The evening kicked off with work created six decades earlier by Oskar Shlemmer, a sculptor and theater designer who joined the Bauhaus in 1920, at the invitation of its founder, Walter Gropius. Shlemmer, age 22 at the time, headed up the sculpture department at this experimental arts and design institution. He expanded his scope to dance two years later. His Bauhaus Quartet of dances, created between 1927 and 1929, are as much visual art as they are choreography. Shlemmer all but stripped away musical accompaniment. The dancers moved within proscribed boundaries, which were drawn in white tape on the stage floor.

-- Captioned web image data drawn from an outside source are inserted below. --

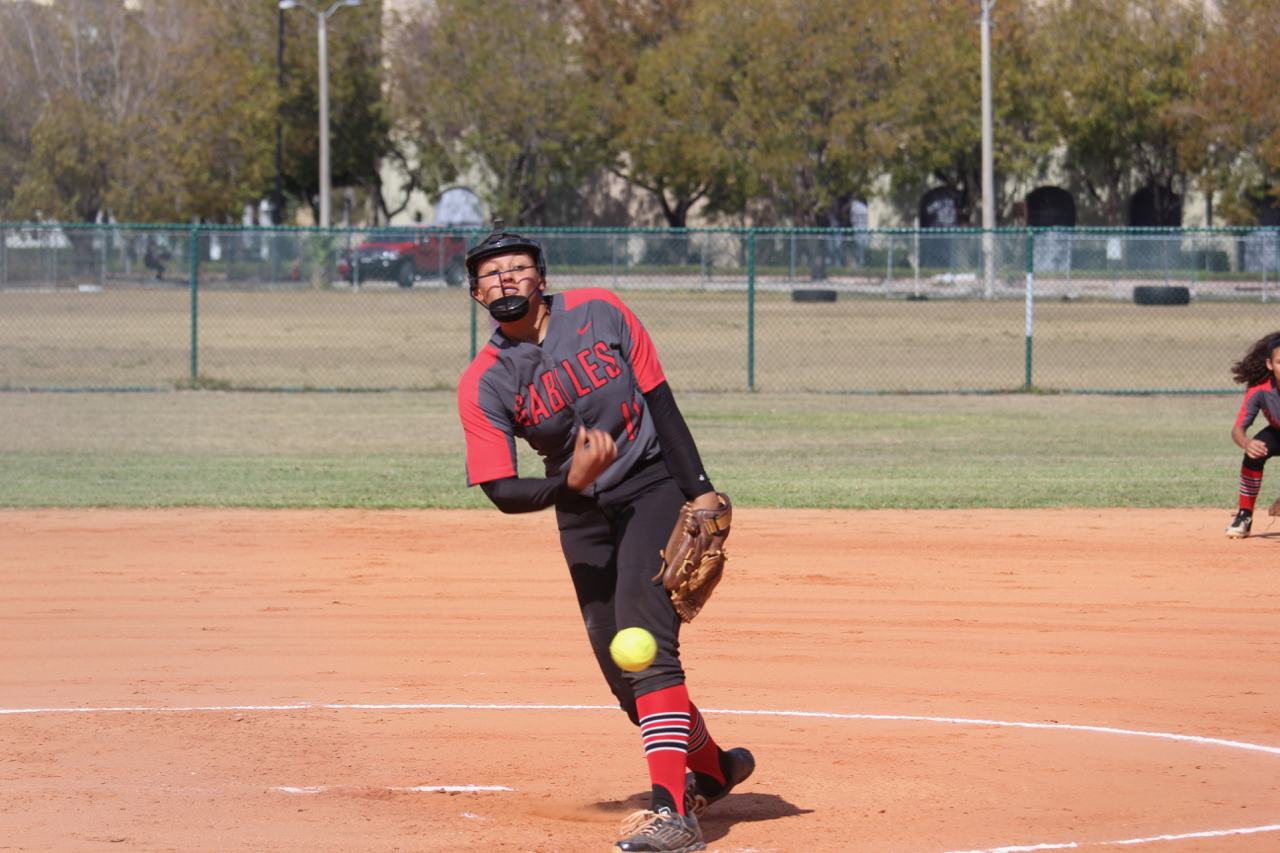 Lady+Cavalier+Softball+Goes+Up+Against+Gulliver+Raiders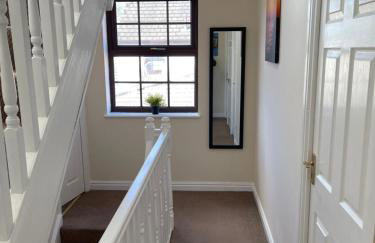 Large, 3 Floors, Quiet, Sleeps 16, 4 Bathrooms, 5 Parking, Semi rural Leicester - Foto 36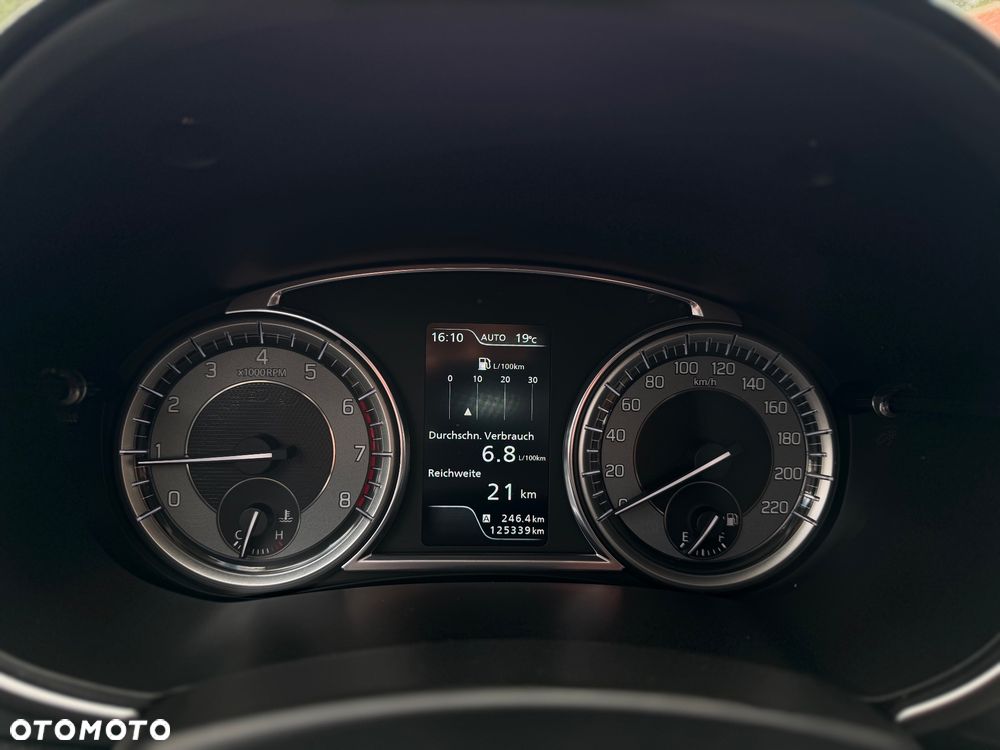 Suzuki Vitara 1.4 Boosterjet Premium 4WD - 16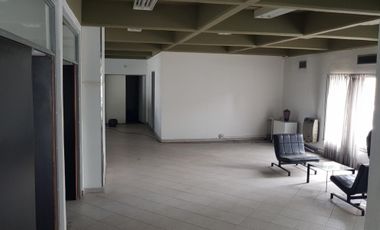 INMEJORABLE EDIFICIO COMERCIAL O INDUSTRIAL DE 13.500 M2  PARA EMPRESA O INDUSTRIA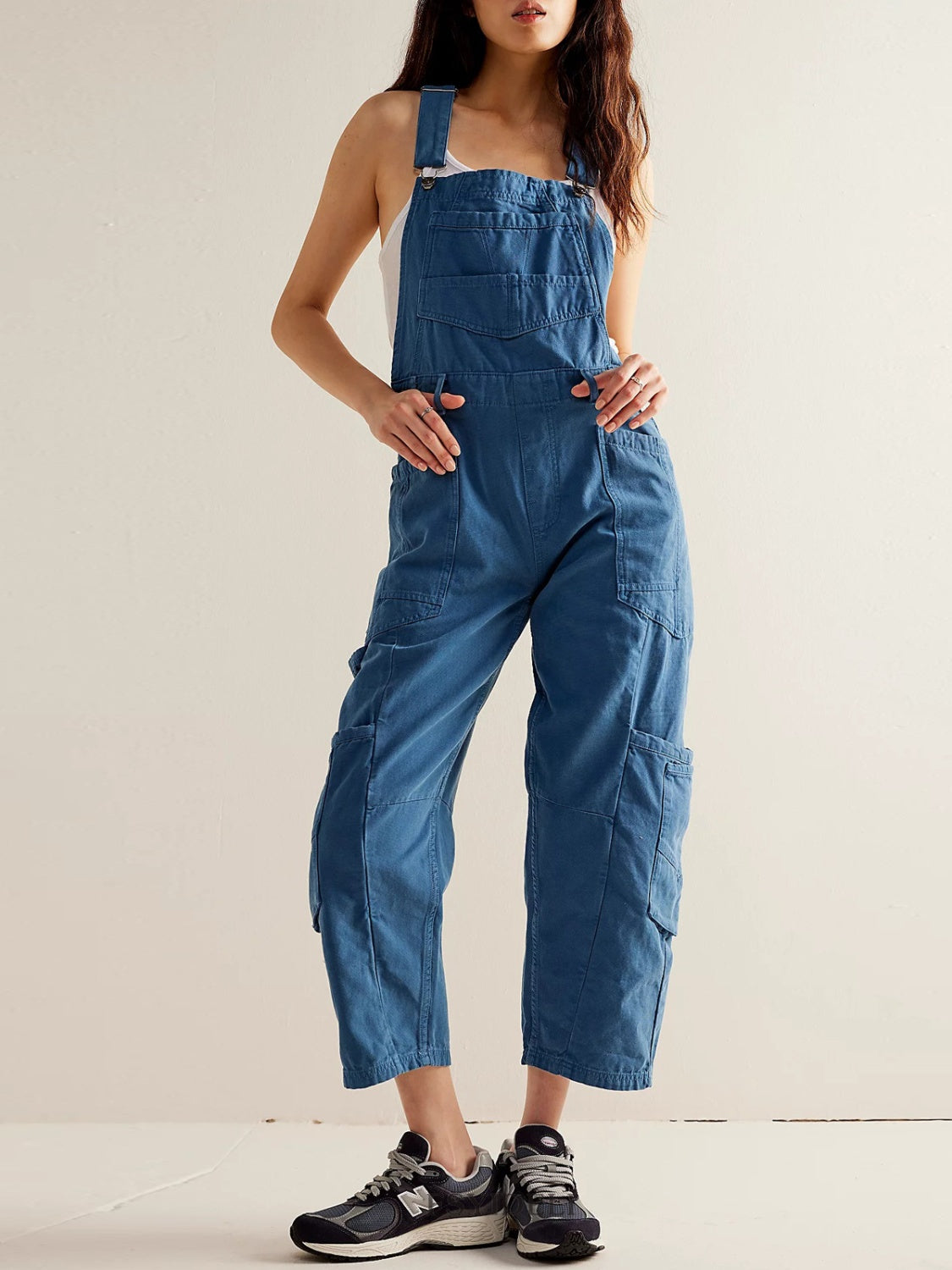 Jeans-Overall mit breiten Trägern und Taschen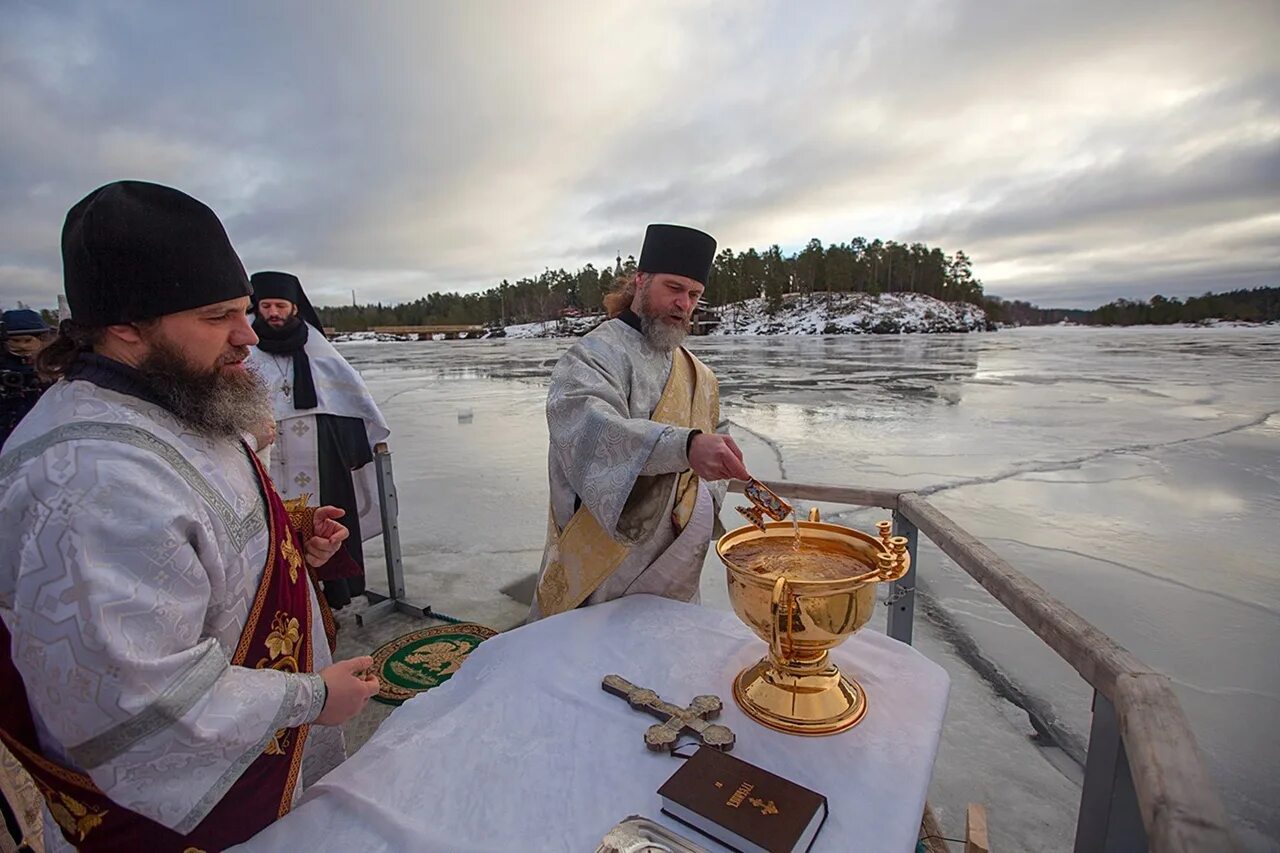 Освятить воду в домашних. Освящение воды. Освящение воды на крещение. Крещение Валаам. Валаамский монастырь крещение прорубь.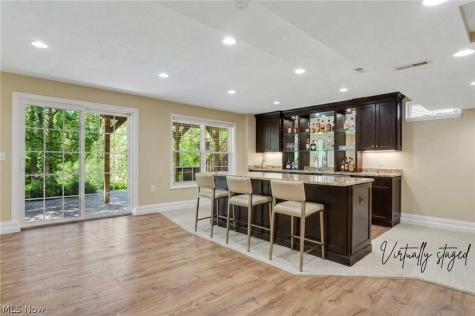 975 W Parkway Boulevard Aurora OH 44202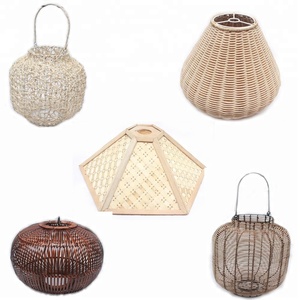 Lampe en bambou rotin moderne faite à la main, luminaire en bambou pour décoration intérieure - Product Image 1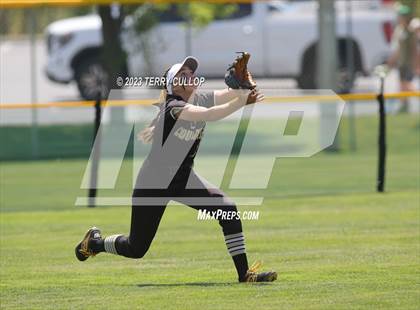 Thumbnail 3 in North Sanpete vs. Union (UHSAA 3A Round 3) photogallery.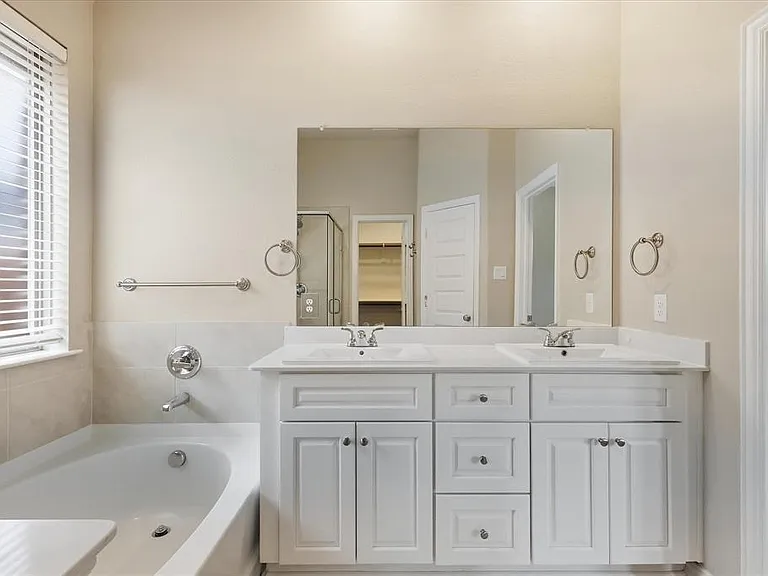 3916 Ford Dr — Photo 18
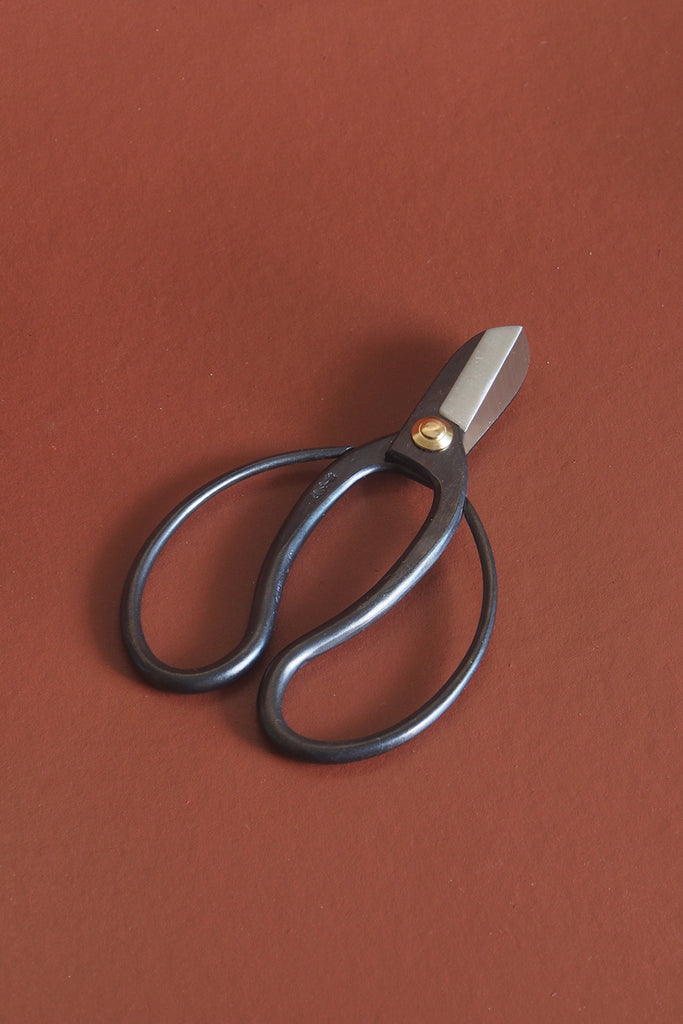 Wazakura - Yasugi Steel Ikebana Scissors - Kura Studio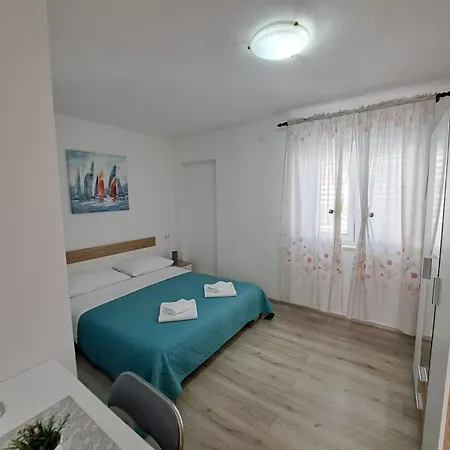 Leon * Omiš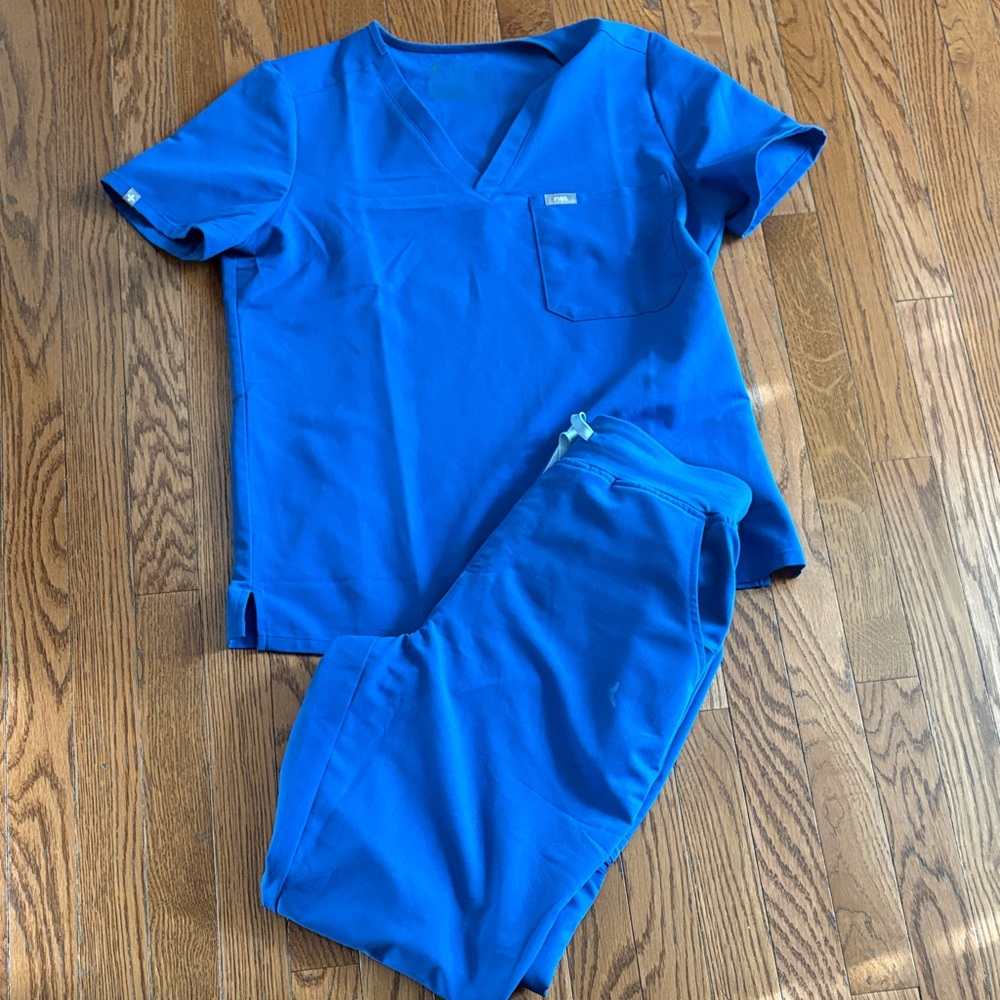 Figs Women's Blue Scrub Set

In the first piece, a dancer clad in a white body suit, hood and face paint, literally walked the lines, occasional percussive thumps prodding him to extend his arms in echo of the tape on the floor. A trio dressed in padded space-suit like outfits, with metallic helmets obscuring their heads took the stage next. They, too, were contained with the subdivided rectangle on the floor. Reinfentanz, or The Hoop Dance, performed Saturday evening by Chirsty McNeil with a set of white hoops, was mesmerizing. Her saucy gaze out at the audience challenged us to watch what she could do. The quartet of Bauhaus Dances ended with a man totally obscurbed in black, his costume expanded by long white sticks that formed geometric patterns as he crouched or rotated his arms. He was almost unrecognizable as a human being. As the white sticks moved against the black backdrop, we could almost forget that a dancer was controlling those movements.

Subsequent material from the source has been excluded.